_Assignment_
The reply should give back every entry exactly as written.

>>>>

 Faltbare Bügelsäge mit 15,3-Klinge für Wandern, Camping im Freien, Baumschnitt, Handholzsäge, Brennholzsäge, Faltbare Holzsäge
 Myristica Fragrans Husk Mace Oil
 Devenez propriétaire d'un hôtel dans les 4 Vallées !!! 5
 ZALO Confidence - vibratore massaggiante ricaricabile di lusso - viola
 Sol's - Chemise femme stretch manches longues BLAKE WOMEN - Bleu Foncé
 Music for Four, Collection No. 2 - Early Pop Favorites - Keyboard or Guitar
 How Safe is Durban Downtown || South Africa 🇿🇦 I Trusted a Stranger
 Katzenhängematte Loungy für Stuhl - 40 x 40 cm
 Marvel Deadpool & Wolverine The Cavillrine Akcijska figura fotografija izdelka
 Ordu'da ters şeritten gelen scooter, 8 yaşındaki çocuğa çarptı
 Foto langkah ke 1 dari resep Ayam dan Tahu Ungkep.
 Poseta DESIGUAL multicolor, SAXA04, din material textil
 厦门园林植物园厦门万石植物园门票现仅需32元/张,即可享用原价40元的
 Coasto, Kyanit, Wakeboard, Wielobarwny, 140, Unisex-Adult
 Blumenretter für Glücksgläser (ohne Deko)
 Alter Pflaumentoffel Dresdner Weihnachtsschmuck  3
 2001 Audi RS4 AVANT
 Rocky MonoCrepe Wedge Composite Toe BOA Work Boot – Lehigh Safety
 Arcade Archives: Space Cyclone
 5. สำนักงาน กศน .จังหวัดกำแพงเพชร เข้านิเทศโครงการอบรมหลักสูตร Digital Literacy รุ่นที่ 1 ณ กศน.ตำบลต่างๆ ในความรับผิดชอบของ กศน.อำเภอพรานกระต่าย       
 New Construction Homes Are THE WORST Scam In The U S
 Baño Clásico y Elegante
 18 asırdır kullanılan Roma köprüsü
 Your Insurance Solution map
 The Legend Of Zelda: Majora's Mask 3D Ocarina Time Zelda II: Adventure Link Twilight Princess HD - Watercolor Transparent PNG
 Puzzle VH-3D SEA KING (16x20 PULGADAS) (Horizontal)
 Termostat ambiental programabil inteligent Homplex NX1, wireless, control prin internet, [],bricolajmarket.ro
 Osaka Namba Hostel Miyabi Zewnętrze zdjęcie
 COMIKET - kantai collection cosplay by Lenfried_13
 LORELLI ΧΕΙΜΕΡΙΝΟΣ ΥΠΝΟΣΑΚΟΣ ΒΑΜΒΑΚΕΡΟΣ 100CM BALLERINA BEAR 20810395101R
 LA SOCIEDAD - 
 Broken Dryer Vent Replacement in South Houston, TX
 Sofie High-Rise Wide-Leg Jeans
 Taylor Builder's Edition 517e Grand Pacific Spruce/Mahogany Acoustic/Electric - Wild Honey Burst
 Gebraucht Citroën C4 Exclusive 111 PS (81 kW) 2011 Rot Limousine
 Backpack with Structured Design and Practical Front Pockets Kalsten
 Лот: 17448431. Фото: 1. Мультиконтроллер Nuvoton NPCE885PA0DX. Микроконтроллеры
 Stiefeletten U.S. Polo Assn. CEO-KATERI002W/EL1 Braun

<<<<

_Completed task_
 Faltbare Bügelsäge mit 15,3-Klinge für Wandern, Camping im Freien, Baumschnitt, Handholzsäge, Brennholzsäge, Faltbare Holzsäge
 Myristica Fragrans Husk Mace Oil
 Devenez propriétaire d'un hôtel dans les 4 Vallées !!! 5
 ZALO Confidence - vibratore massaggiante ricaricabile di lusso - viola
 Sol's - Chemise femme stretch manches longues BLAKE WOMEN - Bleu Foncé
 Music for Four, Collection No. 2 - Early Pop Favorites - Keyboard or Guitar
 How Safe is Durban Downtown || South Africa 🇿🇦 I Trusted a Stranger
 Katzenhängematte Loungy für Stuhl - 40 x 40 cm
 Marvel Deadpool & Wolverine The Cavillrine Akcijska figura fotografija izdelka
 Ordu'da ters şeritten gelen scooter, 8 yaşındaki çocuğa çarptı
 Foto langkah ke 1 dari resep Ayam dan Tahu Ungkep.
 Poseta DESIGUAL multicolor, SAXA04, din material textil
 厦门园林植物园厦门万石植物园门票现仅需32元/张,即可享用原价40元的
 Coasto, Kyanit, Wakeboard, Wielobarwny, 140, Unisex-Adult
 Blumenretter für Glücksgläser (ohne Deko)
 Alter Pflaumentoffel Dresdner Weihnachtsschmuck  3
 2001 Audi RS4 AVANT
 Rocky MonoCrepe Wedge Composite Toe BOA Work Boot – Lehigh Safety
 Arcade Archives: Space Cyclone
 5. สำนักงาน กศน .จังหวัดกำแพงเพชร เข้านิเทศโครงการอบรมหลักสูตร Digital Literacy รุ่นที่ 1 ณ กศน.ตำบลต่างๆ ในความรับผิดชอบของ กศน.อำเภอพรานกระต่าย       
 New Construction Homes Are THE WORST Scam In The U S
 Baño Clásico y Elegante
 18 asırdır kullanılan Roma köprüsü
 Your Insurance Solution map
 The Legend Of Zelda: Majora's Mask 3D Ocarina Time Zelda II: Adventure Link Twilight Princess HD - Watercolor Transparent PNG
 Puzzle VH-3D SEA KING (16x20 PULGADAS) (Horizontal)
 Termostat ambiental programabil inteligent Homplex NX1, wireless, control prin internet, [],bricolajmarket.ro
 Osaka Namba Hostel Miyabi Zewnętrze zdjęcie
 COMIKET - kantai collection cosplay by Lenfried_13
 LORELLI ΧΕΙΜΕΡΙΝΟΣ ΥΠΝΟΣΑΚΟΣ ΒΑΜΒΑΚΕΡΟΣ 100CM BALLERINA BEAR 20810395101R
 LA SOCIEDAD - 
 Broken Dryer Vent Replacement in South Houston, TX
 Sofie High-Rise Wide-Leg Jeans
 Taylor Builder's Edition 517e Grand Pacific Spruce/Mahogany Acoustic/Electric - Wild Honey Burst
 Gebraucht Citroën C4 Exclusive 111 PS (81 kW) 2011 Rot Limousine
 Backpack with Structured Design and Practical Front Pockets Kalsten
 Лот: 17448431. Фото: 1. Мультиконтроллер Nuvoton NPCE885PA0DX. Микроконтроллеры
 Stiefeletten U.S. Polo Assn. CEO-KATERI002W/EL1 Braun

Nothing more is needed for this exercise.